This is Vassar: The newsletter for Vassar College Alumnae/i and Families

Photo credit: Tiffanie Duncan

Sarah E. Brown ’09: Field Work: Building Bridges

This semester, my last at Vassar, I have had the unique opportunity to intern at the City of Poughkeepsie Planning Department through Vassar’s Office of Field Work. Each year, Field Work places about 500 students in community organizations, nonprofits, government agencies, human-services organizations, and businesses. Most of these placements are in the Poughkeepsie area, but the office also places students in New York City (particularly students interested in publishing, the fashion industry, or entertainment) and Albany (particularly those students interested in government and public policy).

My internship has focused primarily on two of the city’s most important current projects. The first is the Walkway over the Hudson campaign, which involves preserving the old Poughkeepsie-Highland railroad bridge and transforming it into what will be, when finished in the fall of 2009, the largest pedestrian walkway bridge in the country. 6,767 feet long and 212 feet high, the reclaimed bridge will allow visitors to run, walk, bike, or skate from one side of the river to the other, all while taking in a spectacular view of the scenic Hudson Valley. The walkway will also be an important link in the regional bicycle network, connecting existing and planned facilities on both sides of the river. If all goes according to plan, it will be finished in time for the 400th anniversary of Henry Hudson’s voyage up the river that bears his name. Poughkeepsie also plans to redevelop the land surrounding the waterfront, making more available park space for visitors and community members to enjoy. From meetings with the sign designers to learning about budget proposals, I have been inculcated in many aspects of this very exciting project. It will definitely be something current students and visiting alums can enjoy!

The second project I am currently involved with is the reworking of City of Poughkeepsie zoning codes. My field work faculty adviser, geography professor Susan Blickstein, is working in partnership with River Street Planning on this project.
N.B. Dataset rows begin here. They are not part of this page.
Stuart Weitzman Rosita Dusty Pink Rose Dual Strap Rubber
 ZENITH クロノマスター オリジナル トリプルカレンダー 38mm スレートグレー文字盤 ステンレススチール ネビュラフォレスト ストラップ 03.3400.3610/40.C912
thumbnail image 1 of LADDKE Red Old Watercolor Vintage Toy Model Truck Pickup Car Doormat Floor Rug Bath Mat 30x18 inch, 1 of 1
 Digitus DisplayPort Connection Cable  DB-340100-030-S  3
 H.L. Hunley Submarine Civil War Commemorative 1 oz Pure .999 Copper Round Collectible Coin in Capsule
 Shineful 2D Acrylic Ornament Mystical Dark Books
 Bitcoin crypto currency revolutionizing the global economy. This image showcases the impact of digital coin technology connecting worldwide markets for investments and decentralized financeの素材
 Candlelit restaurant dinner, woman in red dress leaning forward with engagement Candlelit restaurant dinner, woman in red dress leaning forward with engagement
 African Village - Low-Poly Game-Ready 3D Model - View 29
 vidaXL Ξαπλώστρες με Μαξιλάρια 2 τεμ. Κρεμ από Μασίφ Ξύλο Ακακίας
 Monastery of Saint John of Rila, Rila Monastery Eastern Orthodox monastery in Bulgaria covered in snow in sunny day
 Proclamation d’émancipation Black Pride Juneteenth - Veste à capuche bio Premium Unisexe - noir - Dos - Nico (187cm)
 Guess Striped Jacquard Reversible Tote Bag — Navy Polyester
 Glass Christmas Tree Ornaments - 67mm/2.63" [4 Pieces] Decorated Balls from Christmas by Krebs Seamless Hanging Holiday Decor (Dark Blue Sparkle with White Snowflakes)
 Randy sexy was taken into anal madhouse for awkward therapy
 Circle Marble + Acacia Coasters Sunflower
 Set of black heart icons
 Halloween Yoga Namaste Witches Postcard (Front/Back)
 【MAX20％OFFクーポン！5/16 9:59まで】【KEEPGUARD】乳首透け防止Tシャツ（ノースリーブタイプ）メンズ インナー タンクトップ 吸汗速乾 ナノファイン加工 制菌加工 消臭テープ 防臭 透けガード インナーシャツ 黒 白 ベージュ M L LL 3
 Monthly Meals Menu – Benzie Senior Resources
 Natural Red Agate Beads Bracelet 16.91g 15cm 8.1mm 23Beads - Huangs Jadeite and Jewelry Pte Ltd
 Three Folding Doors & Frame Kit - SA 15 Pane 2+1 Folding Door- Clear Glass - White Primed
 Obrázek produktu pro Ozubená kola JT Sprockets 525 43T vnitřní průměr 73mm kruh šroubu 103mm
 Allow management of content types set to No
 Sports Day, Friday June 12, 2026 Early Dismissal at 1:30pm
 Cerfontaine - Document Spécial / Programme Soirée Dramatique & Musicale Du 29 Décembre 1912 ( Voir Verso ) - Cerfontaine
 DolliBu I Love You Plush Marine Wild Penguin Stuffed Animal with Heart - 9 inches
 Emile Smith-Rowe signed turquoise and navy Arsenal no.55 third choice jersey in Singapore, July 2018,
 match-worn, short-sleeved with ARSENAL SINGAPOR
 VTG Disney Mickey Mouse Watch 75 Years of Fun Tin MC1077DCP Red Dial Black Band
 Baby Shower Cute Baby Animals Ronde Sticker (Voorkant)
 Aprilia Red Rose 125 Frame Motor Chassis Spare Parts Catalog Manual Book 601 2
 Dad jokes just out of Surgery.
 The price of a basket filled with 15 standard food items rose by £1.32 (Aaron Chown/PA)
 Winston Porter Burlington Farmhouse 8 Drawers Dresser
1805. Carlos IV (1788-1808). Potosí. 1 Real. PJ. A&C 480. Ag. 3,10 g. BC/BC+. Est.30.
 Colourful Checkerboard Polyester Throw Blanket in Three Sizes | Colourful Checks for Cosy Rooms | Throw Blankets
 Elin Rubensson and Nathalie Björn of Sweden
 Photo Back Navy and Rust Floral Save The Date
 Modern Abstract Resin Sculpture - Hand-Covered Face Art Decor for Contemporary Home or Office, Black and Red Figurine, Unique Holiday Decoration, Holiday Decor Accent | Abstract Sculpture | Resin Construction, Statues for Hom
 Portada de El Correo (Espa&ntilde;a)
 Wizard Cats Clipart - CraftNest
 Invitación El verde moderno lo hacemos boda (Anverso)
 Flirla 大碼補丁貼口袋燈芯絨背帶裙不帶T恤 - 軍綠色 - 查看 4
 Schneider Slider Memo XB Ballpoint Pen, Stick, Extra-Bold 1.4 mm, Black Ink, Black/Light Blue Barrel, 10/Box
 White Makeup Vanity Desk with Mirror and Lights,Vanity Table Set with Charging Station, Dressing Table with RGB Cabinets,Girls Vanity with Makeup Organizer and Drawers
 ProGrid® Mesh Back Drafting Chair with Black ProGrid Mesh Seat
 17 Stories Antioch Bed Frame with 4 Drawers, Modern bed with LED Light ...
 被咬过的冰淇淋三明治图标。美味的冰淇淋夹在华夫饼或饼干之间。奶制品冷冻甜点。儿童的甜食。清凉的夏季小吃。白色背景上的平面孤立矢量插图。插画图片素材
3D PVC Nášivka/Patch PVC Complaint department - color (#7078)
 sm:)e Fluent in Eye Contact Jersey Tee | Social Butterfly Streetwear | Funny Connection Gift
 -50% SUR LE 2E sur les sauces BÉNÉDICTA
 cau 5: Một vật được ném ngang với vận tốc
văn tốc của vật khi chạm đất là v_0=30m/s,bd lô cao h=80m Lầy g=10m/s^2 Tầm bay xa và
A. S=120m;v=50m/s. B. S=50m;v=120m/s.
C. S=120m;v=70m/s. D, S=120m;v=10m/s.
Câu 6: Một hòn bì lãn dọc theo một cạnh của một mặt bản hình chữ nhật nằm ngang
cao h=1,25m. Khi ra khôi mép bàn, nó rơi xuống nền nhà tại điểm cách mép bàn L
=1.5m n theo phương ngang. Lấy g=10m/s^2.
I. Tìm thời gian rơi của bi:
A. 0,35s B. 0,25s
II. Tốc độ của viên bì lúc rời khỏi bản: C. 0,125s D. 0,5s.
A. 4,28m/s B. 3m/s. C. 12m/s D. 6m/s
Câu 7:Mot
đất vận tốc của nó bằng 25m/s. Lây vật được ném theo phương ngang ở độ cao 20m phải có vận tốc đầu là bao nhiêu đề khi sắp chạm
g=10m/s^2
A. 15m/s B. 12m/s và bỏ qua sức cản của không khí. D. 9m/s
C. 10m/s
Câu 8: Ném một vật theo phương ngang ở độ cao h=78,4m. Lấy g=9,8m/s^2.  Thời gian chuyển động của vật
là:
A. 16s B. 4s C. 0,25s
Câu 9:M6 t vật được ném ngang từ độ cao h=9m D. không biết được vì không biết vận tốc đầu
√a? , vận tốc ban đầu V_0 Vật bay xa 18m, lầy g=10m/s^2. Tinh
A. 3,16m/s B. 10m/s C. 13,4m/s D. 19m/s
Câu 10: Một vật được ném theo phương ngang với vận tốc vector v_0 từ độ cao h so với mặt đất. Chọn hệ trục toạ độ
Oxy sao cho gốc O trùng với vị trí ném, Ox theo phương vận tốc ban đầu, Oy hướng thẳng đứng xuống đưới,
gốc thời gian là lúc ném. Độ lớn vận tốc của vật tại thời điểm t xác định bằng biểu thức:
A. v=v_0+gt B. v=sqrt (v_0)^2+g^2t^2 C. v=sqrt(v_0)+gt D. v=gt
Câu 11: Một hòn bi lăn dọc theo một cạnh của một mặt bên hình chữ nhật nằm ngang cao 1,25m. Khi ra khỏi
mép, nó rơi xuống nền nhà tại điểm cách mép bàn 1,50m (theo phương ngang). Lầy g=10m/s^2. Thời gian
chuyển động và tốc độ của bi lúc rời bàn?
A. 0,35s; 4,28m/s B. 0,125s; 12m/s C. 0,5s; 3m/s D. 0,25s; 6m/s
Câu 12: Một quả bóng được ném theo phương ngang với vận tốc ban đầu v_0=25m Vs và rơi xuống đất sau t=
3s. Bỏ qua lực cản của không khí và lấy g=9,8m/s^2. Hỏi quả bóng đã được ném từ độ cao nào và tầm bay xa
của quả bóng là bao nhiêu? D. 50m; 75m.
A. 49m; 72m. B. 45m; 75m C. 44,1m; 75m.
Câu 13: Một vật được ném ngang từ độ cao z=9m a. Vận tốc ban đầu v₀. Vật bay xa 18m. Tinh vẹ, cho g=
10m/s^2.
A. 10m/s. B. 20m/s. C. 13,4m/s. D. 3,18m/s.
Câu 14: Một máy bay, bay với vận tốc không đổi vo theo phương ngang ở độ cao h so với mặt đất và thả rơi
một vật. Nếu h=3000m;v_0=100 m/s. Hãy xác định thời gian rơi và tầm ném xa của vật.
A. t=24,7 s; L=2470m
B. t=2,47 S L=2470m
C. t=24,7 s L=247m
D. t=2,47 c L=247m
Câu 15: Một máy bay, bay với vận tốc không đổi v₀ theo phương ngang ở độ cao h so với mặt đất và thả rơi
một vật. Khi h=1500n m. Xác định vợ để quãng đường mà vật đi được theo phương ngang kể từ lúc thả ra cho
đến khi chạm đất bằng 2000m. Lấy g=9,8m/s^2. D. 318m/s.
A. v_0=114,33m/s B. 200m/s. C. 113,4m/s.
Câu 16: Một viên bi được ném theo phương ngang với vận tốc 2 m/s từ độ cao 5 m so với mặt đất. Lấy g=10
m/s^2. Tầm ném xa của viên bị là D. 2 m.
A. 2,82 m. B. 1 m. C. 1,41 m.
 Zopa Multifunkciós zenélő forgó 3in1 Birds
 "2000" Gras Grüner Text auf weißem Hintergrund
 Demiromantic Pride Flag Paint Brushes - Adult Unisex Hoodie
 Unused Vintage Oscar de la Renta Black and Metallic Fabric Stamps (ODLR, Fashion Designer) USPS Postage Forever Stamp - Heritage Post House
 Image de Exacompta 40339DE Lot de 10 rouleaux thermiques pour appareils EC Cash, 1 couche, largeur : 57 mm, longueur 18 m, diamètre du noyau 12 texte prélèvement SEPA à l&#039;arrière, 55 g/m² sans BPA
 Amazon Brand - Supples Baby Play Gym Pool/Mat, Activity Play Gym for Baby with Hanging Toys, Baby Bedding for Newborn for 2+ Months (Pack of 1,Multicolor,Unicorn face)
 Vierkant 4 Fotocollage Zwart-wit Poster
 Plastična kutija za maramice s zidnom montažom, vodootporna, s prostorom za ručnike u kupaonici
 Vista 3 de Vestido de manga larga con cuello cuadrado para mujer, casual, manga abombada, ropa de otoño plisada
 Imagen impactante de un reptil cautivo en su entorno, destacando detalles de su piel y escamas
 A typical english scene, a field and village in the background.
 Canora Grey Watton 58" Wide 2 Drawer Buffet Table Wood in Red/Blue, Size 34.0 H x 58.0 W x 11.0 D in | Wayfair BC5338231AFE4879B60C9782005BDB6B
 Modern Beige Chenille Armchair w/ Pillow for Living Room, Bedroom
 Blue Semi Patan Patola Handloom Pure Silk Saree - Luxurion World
Zoning helps to determine responsible urban growth, promote sustainable design practices, and ensure that residential areas are adequately shielded from high-volume traffic. I am learning that good city planning means answering tough questions: What will benefit a community most? How are we making sure that homeless, low-income, or historically underrepresented populations are being taken into account when making policy changes? The ways in which city planners answer these questions is incredibly important in terms of how it will impact the lives of local residents.

This internship has shown me the value of broadening the scope of my Vassar education through applying skills learned on campus to the world beyond Vassar’s gates. Because — let’s face it — for myself and the other members of the class of 2009, we will be using our Vassar education in this way for the rest of our lives.